Per il rettore dell’Università politecnica delle Marche “Sarebbe più che auspicabile un coinvolgimento delle piccole e micro aziende sul versante Pnrr. La forza deve essere quella dell’aggregazione tra piccole realtà”. E sui settori produttivi: “Le pmi hanno un grande knowhow sulla transizione tecnologica ed energetica”

Il punto non è solo incassare la terza rata da 19 miliardi del Pnrr. Ma il vero obiettivo deve essere quello di generare un “impatto positivo” sulle micro e piccole imprese. Ossia su quell’ossatura produttiva sulla quale si regge, nei fatti, il sistema economico italiano. Il ministro agli Affari Europei, Raffaele Fitto, ribadisce che il Pnrr “è un’opportunità”. Affinché gli effetti siano il più possibile tangibili “occorre che il Governo guardi alle piccole imprese”. Ne è convinto il rettore dell’Università Politecnica delle Marche, Gian Luca Gregori che a Formiche.net prova a fornire qualche coordinata in questo senso.

Rettore Gregori, partiamo da una prima considerazione sull’operato del governo. L’obiettivo della flessibilità sui tempi è ragionevole?

Certo, lo sforzo del governo in questo senso coglie un’istanza reale. Ma, oltre a ragionare sul tempo, occorre ragionare sull’effettiva capacità delle strutture organizzative (e di rendicontazione) di gestire questa molte di risorse che – teniamo a ribadirlo – è senz’altro un’opportunità, ma deve essere incanalata nel modo giusto.

Andiamo alle ricadute sulle piccole imprese. Sarà possibile che le risorse del Pnrr generino un effetto moltiplicatore e possano intervenire positivamente nel nostro sistema produttivo?

Il numero di aziende con un massimo di cinquanta addetti, in Italia, supera il 90% del totale. Per cui direi che è più che auspicabile un coinvolgimento delle piccole e micro aziende sul versante Pnrr. Prevedo due tipologie di ricadute: indirette e dirette. Su queste ultime occorre che i corpi intermedi favoriscano l’aggregazione delle piccole realtà produttive che, singolarmente, non avrebbero le caratteristiche per partecipare ai bandi.

Delle associazioni temporanee di imprese?

La formula può essere questa o di altro genere. L’importante è che ci sia un’azione decisa in questo senso. Nelle micro e piccole realtà spesso non ci sono neanche le caratteristiche strutturali per accedere ai bandi, ma se si uniscono le forze accorciando le filiere (attraverso la clusterizzazione delle realtà produttive), ecco che un apparente scoglio può trasformarsi in opportunità.

Quale deve essere l’azione della politica in questo senso?

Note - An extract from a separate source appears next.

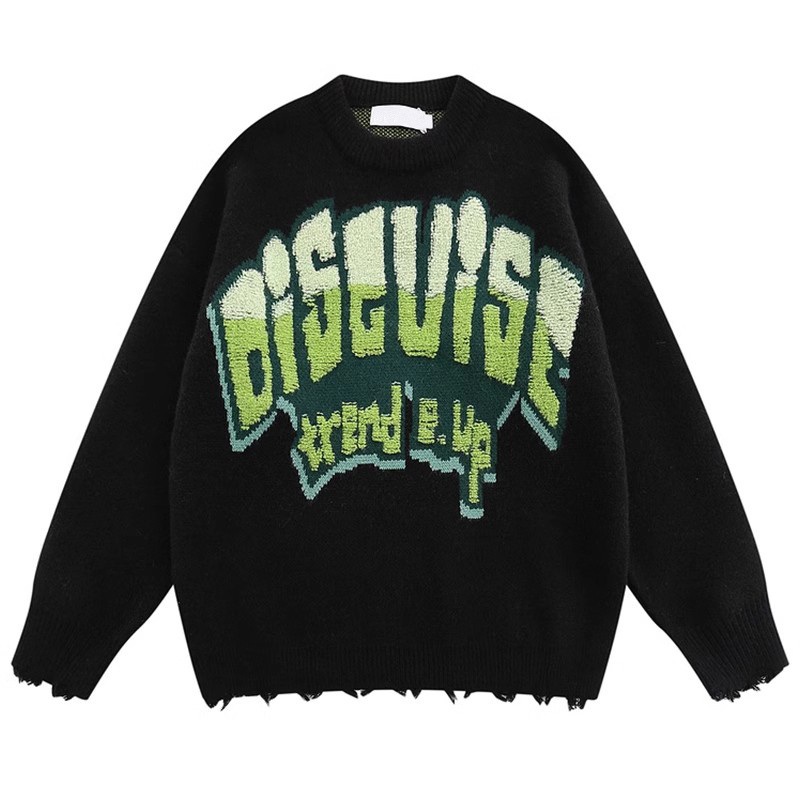 OEM Womens Wholesale Custom Vintage Winter Thick Sweater Flocking Fluffy Long Sleeve Letter Jacquard Round Neck Knit Sweater for Women – Unique Design Sweaters price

Creare un terreno favorevole affinché si costituiscano questi gruppi di imprese che riescano a intercettare le risorse europee. Aggiungo che, a mio giudizio, si deve studiare una forma di complementarietà fra i fondi strutturali europei e quelli del Pnrr.

In quali ambiti lei ritiene che il ruolo delle piccole imprese possa essere determinante?

Le piccole imprese hanno sviluppato un know how di grande rilevanza nell’ambito dell’applicazione delle nuove tecnologie ai cicli produttivi. Credo che la transizione digitale, che rientra tra le missioni del Pnrr, passi dalle micro e piccole aziende. Alla transizione tecnologica si lega anche quella energetica: l’autoproduzione è una delle potenzialità maggiormente sviluppate delle micro e piccole realtà sul territorio. Ecco, in questa chiave, facendo leva sulla nostra forza manifatturiera, ritengo che le micro e piccole imprese assumeranno un ruolo determinante nella messa a terra del Pnrr e nel raggiungimento degli obiettivi che si prefigge.